O economista deve sair em breve do Ipea, onde está desde 2007, para concorrer à prefeitura de Campinas pelo PT. O livro será lançado no próximo dia 29, durante debate na sede da PUC, em São Paulo.

CartaCapital: O senhor fala que há um despreparo das instituições democráticas para canalizar os interesses da nova classe trabalhadora. Por quê?

Marcio Pochmann: Estamos observando uma despolitização nesta ascensão social no País. Ela vem envolvida nos valores do mercado, e não poderia ser diferente. Foi assim nos anos 70. Naquela época, havia uma ação mais direta das instituições, o que nós não estamos vendo hoje.
Há um despreparo das instituições para lidar com esse segmento que, possivelmente, liderará o processo político brasileiro. De alguma forma, esse segmento conduzirá a política brasileira. Seja pela direita, seja pela esquerda.
Os sindicatos, associações de bairro e partidos políticos estão observando esse avanço social que não se traduz em aumento das filiações nos sindicatos, nas associações de bairros, nos partidos políticos.
Veja que cerca de 1 milhão de jovens ingressaram na universidade através do Prouni. Isso é uma ascensão na universidade, mas se traduziu na ampliação e reforço do movimento estudantil? A gente não observa isso.
Acontece a mesma coisa em relação aos leitores. Houve um avanço de mais de 40 milhões de leitores no Brasil, mas a ampliação da mídia escrita não se traduziu nesse mesmo sentido.
CC: Há uma explicação para isso?

MP: As instituições democráticas não entenderam ainda o que tem sido essa mobilidade social. Como nós temos pouco conhecimento, não temos uma ação mais identificada. Os sindicatos acabam sendo mais defensores do passado que protagonistas do futuro porque não conseguem criar um diálogo com esse segmento. É um desafio evidente para todos nós.

CC: O senhor fala que a classe trabalhadora é consumista. Isso é necessariamente ruim?

MP: Não, é um movimento natural que ocorre quando você não tem a politização, consegue um emprego e tem a elevação da sua renda. Você entende como sendo resultado do seu esforço individual quando, na verdade, nós sabemos que a geração e a elevação da renda dependeram de um acordo político, de uma decisão política, de um resultado eleitoral.
Portanto, o que eu quero chamar a atenção é que essa manifestação que se observa de forma mais clara é natural do ponto de vista da individualidade de cada um. Mas se não vem acompanhada de um processo de conscientização, essa ascensão pode ao mesmo tempo retroagir ou ser encaminhada para uma visão de sociedade muito diferente da que levou a uma ascensão social recente.
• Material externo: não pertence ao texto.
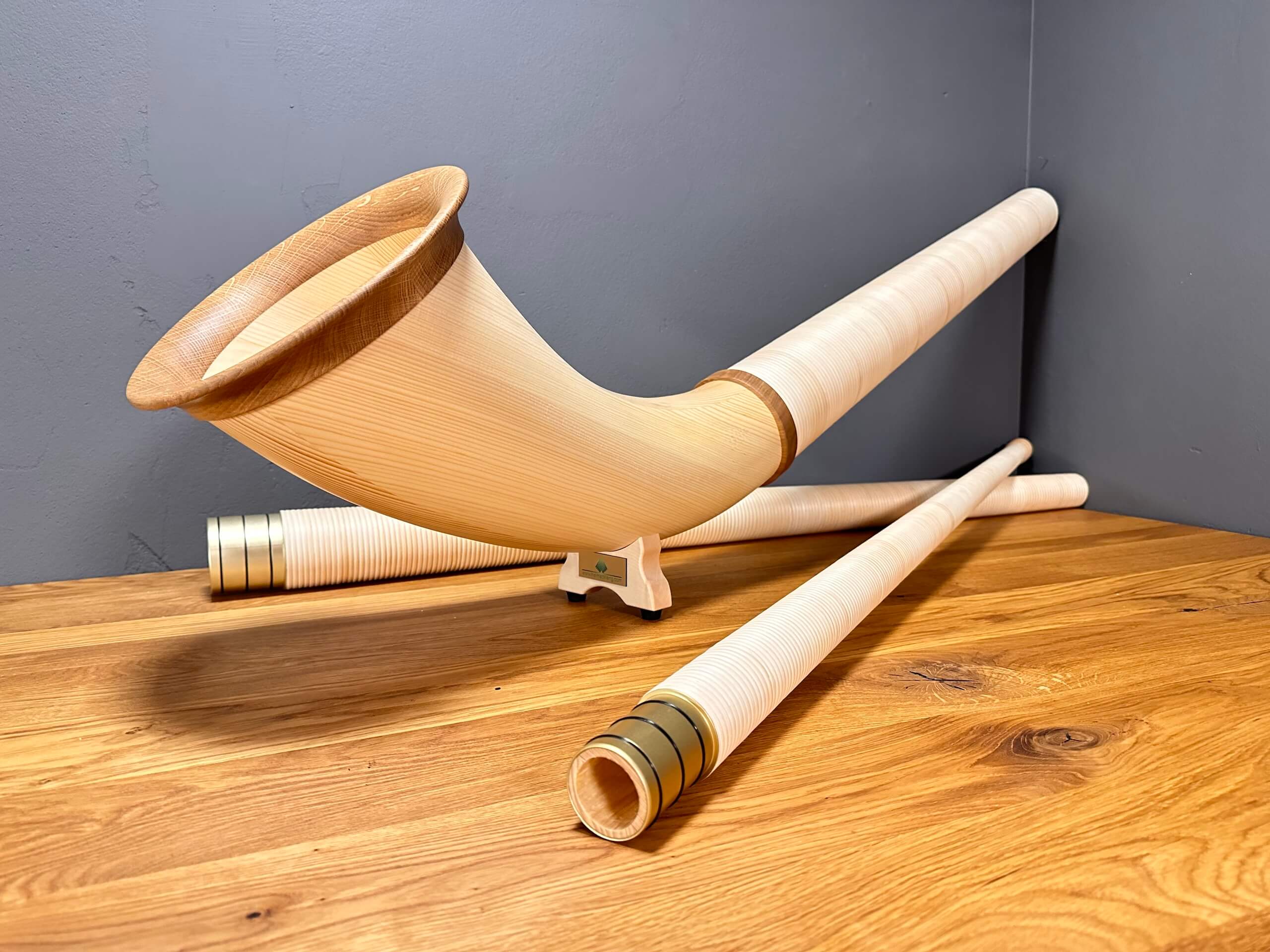 Alphorn Modell „Spitzenklasse“, Ring aus EICHENHOLZ, matt, gewickelt, Stimmung f – 714043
CC: Porque as pessoas identificam a ascensão como resultado do próprio esforço individual…

MP: Esse é o papel da politização, até porque você percebe que as coisas foram feitas com esses segmentos. Eles são favoráveis ao crescimento, ao emprego e assim por diante. Mas na questão dos valores mais amplos da política, como pena de morte, eles majoritariamente estão atrelados a visões muito ultrapassadas.

CC: A maior parte dos empregos gerados foi com rendimento próximo a um salário mínimo. Como o governo pode gerar empregos com melhor remuneração?

MP: Primeiro quero dizer que foi muito bom ter gerado esses empregos acompanhados da formalização e do aumento do salário mínimo, tendo em vista o estoque de desempregados que nós tínhamos. Nos anos 2000 eram praticamente 12 milhões de pessoas desempregadas. Se o Brasil não gerasse esse tipo de oportunidade, se gerasse empregos de classe média, que exigem maior escolaridade, esse segmento que ascendeu não teria ascendido. Mas esse movimento está apresentando sinais de esgotamento. Porque a questão fundamental neste momento é a ampliação dos investimentos para aumentar a capacidade produtiva. E o aumento de investimento, novas fábricas, novos avanços da produção vêm acompanhados de inovação tecnológica, maior exigência de qualificação, maior demanda de trabalhadores com escolaridade, portanto maiores salários e ocupações melhores.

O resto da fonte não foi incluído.